(No.12-9812)【曽徳深】
 我が家に犬がいる、名前はコーキ、犬種はラブラドール。犬を飼いたいと言い出したのは真ん中の娘で、ちょうど中学校にあがったころだった。母親は猛反対、以前飼っていた雑種を、十分に面倒を見られなかったために病気で亡くしてしまった辛い思い出がある。多数決で決めることにした。賛成二票、反対二票、棄権一票で、採決は不調に終わった。賛成票を投じた父親が、世帯主の権限を行使して飼うことにした。ただし、家の中で飼わない、いかなる場合も母親は責任を負わないという二つの条件がついた。父親は、小犬から育てることによって、娘達のしつけに役立つのではないか、犬の散歩で自分の運動不足を少しでも解消できるのではないかと考えた上での決断である。

 さっそく犬種の選定に入る。従順で、体毛が短く(以前の雑種は毛が長く、ダニがついて亡くなった)、あまりほえない種類を探す。盲導犬をやるぐらいだから、ラブラドールがよいだろうということになった。

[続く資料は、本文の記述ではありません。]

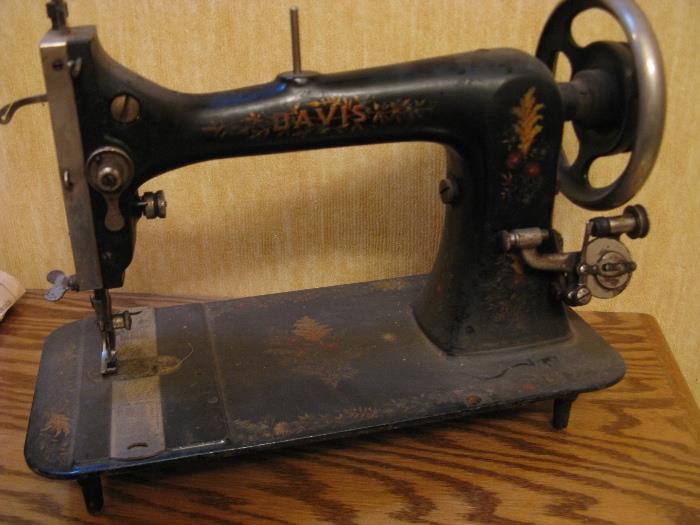 The head of an old DAVIS treadle sewing machine.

 散歩は朝晩連れて行くが、そのうち夜中にほえ出すようになった。近所迷惑と思ってその都度父親が散歩に連れ出す、夜毎起こされる父親はふらふらである。母親から「これじゃ本当の犬死にになるわよ、学校に入れたら」の提案で、全寮制(?)の警察犬訓練学校に入れる。そこの校長先生いわく「飼い主も何回か一緒に訓練を受けないと、効果があがりませんよ」と。忠告にしたがって訓練を受けて卒業した。夜中のコールは止まったが、きかん気は相変わらずである。人間、犬、いずれの訓練に問題があったのかは定かでない。